Poiché la sedia ha per definizione, i suoi componenti fissi, questo problema potrebbe esser risolto costruendo sedie di almeno due misure diverse; una per persone alte da cm 160 a cm 170 e l’altra per persone di cm 170-180 di altezza. Si potrebbe infine ipotizzare la produzione di sedie “su misura” per le persone molto al disotto o al di sopra di quelle misure. Oppure, rompendo con la tradizione, studiare la possibilità di realizzare il s.l-d, sia in legno che in metallo, regolabile in altezza.
- Dinamismo virtuale
È un fatto che, specialmente ai nostri giorni, la sedia si è rivelata quella che è: un vero e proprio “strumento di lavoro”, considerando come lavoro anche la breve permanenza su una sedia per la frettolosa colazione del mattino. Per questo motivo, a mio parere, dovremmo concepire “il sedile” come dotato di un “dinamismo virtuale”, nel senso che, anche privo di meccanismi e nella sua forma più semplice, quale potrebbe essere una panca da chiesa, esso “aiuti” l’individuo a mettersi seduto, a mantener desta la sua attenzione e infine ad alzarsi. Questo risultato si ottiene sia avanzando lo schienale come già detto, sia inclinando di poco in avanti il piano del sedile ed aumentando l’altezza del sedile da terra, tenendo conto dell’aumento di statura delle persone verificatosi negli ultimi decenni.

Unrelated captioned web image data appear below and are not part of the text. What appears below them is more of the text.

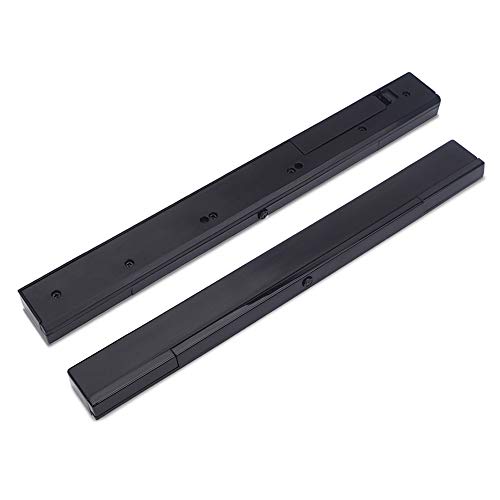 KIMILAR Replacement Wireless Sensor Bar Compatible with Nintendo Wii and Wii U Console, Sensor Signal Receiver Infrared Ray Inductor for Wii with Stable Stand and 4 AAA Batteries(Black)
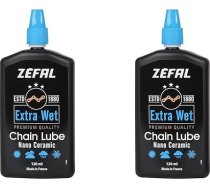 ZEFAL Pack Extra Wet Lube 120 ml velosipēdu ķēdes eļļa – divas pudeles augstākās kvalitātes keramiskā smērviela velosipēdu ķēdēm – MTB ķēdes eļļa ar ļoti ilgu glabāšanas termiņu – 2 x 120 ml pudeles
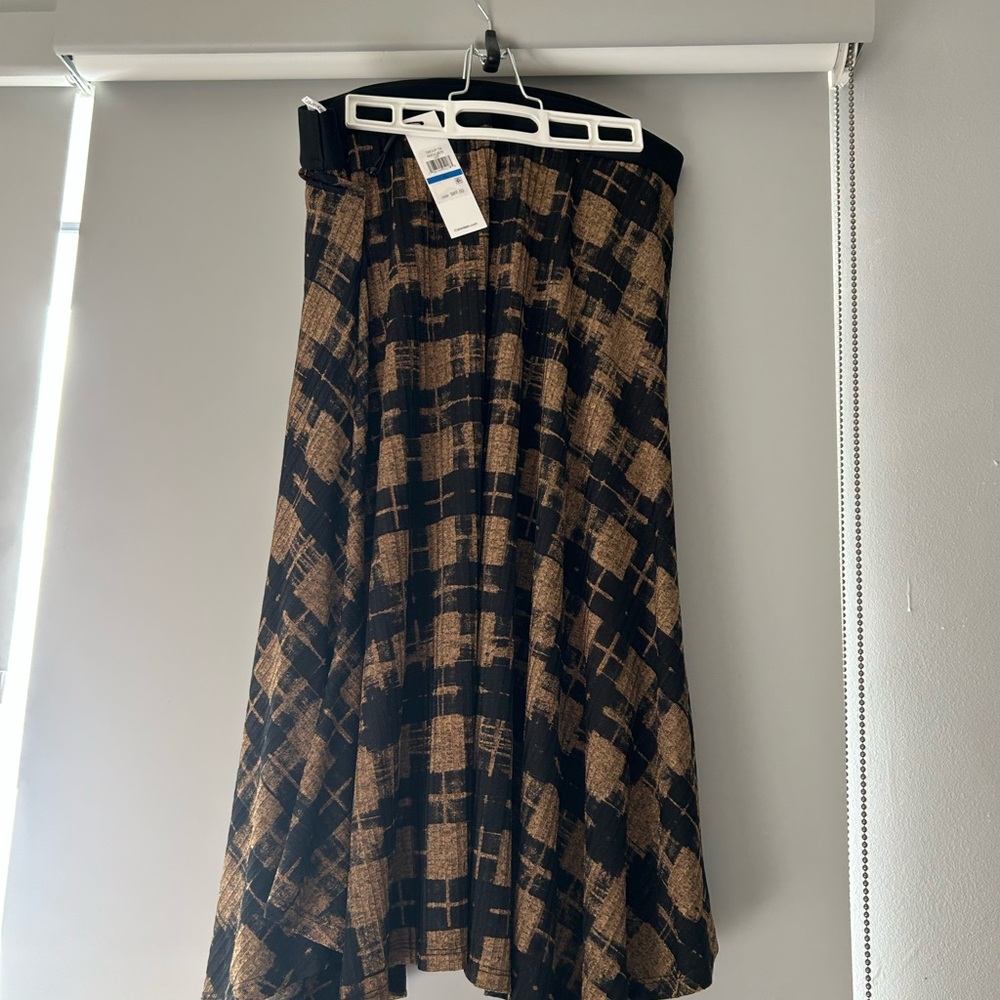 Calvin Klein Black and Brown A-Line Skirt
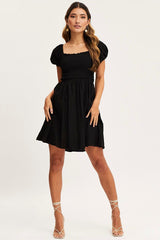 Black Mini Dress Short Sleeve Square Neck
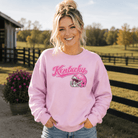 Kentucky Pink Script Helmet Sweatshirt | Minimal Sports Design | Classic Crewneck - Bluegrass Elite Apparel LLC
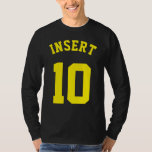 Black & Yellow Adults | Sports Jersey Design T-Shirt<br><div class="desc">Black & Yellow Adults | Sports Jersey Design • Mens Jersey Long Sleeve T-Shirt</div>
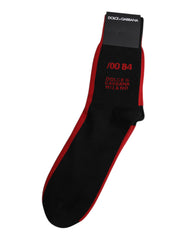 Dolce & Gabbana Black Nylon DG Logo Mid Calf Men Socks -   -  Dolce & Gabbana.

Personalmente ritengo che una sedia riuscita debba possedere ben equilibrati i requisiti atti a soddisfare le esigenze derivanti dalle tre azioni suddette.
- Conclusioni
Possiamo concludere quindi che in futuro bisognerà porre maggiore attenzione, durante la progettazione, ad essere coerenti con i principi della statica e che, seguendo l’indirizzo funzionale, potremo disegnare sedie con forme nuove e sorprendentemente comode.